→ **Exercise aim**
Among the entries below, one line contains "Land Rover Freelander, снимка" and another contains "Nuevos Lanzamientos de". Transcribe those two lines and every line between them, exactly.

= = = =

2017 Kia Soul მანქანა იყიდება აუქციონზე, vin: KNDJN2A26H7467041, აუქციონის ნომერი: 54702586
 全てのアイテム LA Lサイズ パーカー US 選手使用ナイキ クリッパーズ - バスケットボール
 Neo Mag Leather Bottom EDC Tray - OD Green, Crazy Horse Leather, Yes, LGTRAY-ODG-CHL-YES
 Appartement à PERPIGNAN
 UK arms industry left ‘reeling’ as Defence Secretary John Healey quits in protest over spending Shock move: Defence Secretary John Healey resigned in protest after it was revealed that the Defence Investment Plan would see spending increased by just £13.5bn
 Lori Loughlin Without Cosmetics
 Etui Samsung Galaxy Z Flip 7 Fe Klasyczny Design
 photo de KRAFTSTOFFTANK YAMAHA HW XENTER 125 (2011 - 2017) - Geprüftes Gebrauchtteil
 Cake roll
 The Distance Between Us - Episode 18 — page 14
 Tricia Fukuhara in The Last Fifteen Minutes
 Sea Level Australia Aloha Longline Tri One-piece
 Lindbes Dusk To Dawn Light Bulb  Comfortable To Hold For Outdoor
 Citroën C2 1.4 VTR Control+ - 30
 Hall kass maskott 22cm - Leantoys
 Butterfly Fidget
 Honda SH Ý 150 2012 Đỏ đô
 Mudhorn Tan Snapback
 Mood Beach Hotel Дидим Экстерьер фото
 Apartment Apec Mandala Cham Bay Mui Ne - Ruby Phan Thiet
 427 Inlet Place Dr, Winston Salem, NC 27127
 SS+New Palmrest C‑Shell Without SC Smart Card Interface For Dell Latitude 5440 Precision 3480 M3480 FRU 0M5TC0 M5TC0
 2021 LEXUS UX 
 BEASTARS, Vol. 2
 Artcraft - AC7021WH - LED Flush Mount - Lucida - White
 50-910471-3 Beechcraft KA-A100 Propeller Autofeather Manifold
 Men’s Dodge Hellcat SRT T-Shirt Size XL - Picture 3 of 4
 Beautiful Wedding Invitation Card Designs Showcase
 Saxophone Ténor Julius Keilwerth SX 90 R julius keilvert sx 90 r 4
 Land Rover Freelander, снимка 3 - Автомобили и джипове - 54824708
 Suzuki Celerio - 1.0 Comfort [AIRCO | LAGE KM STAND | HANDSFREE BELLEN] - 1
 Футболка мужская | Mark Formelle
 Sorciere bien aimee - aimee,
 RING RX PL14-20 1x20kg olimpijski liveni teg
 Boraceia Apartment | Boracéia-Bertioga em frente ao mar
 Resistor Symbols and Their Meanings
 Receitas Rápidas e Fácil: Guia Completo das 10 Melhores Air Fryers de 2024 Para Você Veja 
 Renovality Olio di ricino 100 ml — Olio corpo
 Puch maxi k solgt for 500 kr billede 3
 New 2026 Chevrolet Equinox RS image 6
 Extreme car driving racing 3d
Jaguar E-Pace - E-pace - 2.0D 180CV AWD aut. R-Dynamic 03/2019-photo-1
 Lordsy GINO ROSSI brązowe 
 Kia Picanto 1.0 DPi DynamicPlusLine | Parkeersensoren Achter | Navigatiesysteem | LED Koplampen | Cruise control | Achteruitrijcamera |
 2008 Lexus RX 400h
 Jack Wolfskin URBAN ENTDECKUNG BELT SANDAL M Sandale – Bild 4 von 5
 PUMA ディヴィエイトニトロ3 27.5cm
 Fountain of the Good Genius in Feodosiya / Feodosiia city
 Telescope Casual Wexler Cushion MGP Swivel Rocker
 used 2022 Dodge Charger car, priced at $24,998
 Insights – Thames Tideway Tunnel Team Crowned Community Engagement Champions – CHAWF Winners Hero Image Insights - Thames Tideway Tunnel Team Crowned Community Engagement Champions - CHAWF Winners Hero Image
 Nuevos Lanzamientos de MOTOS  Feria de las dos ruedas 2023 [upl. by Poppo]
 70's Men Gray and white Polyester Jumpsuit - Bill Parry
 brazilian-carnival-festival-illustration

= = = =

→ **Expected answer**
 Land Rover Freelander, снимка 3 - Автомобили и джипове - 54824708
 Suzuki Celerio - 1.0 Comfort [AIRCO | LAGE KM STAND | HANDSFREE BELLEN] - 1
 Футболка мужская | Mark Formelle
 Sorciere bien aimee - aimee,
 RING RX PL14-20 1x20kg olimpijski liveni teg
 Boraceia Apartment | Boracéia-Bertioga em frente ao mar
 Resistor Symbols and Their Meanings
 Receitas Rápidas e Fácil: Guia Completo das 10 Melhores Air Fryers de 2024 Para Você Veja 
 Renovality Olio di ricino 100 ml — Olio corpo
 Puch maxi k solgt for 500 kr billede 3
 New 2026 Chevrolet Equinox RS image 6
 Extreme car driving racing 3d
Jaguar E-Pace - E-pace - 2.0D 180CV AWD aut. R-Dynamic 03/2019-photo-1
 Lordsy GINO ROSSI brązowe 
 Kia Picanto 1.0 DPi DynamicPlusLine | Parkeersensoren Achter | Navigatiesysteem | LED Koplampen | Cruise control | Achteruitrijcamera |
 2008 Lexus RX 400h
 Jack Wolfskin URBAN ENTDECKUNG BELT SANDAL M Sandale – Bild 4 von 5
 PUMA ディヴィエイトニトロ3 27.5cm
 Fountain of the Good Genius in Feodosiya / Feodosiia city
 Telescope Casual Wexler Cushion MGP Swivel Rocker
 used 2022 Dodge Charger car, priced at $24,998
 Insights – Thames Tideway Tunnel Team Crowned Community Engagement Champions – CHAWF Winners Hero Image Insights - Thames Tideway Tunnel Team Crowned Community Engagement Champions - CHAWF Winners Hero Image
 Nuevos Lanzamientos de MOTOS  Feria de las dos ruedas 2023 [upl. by Poppo]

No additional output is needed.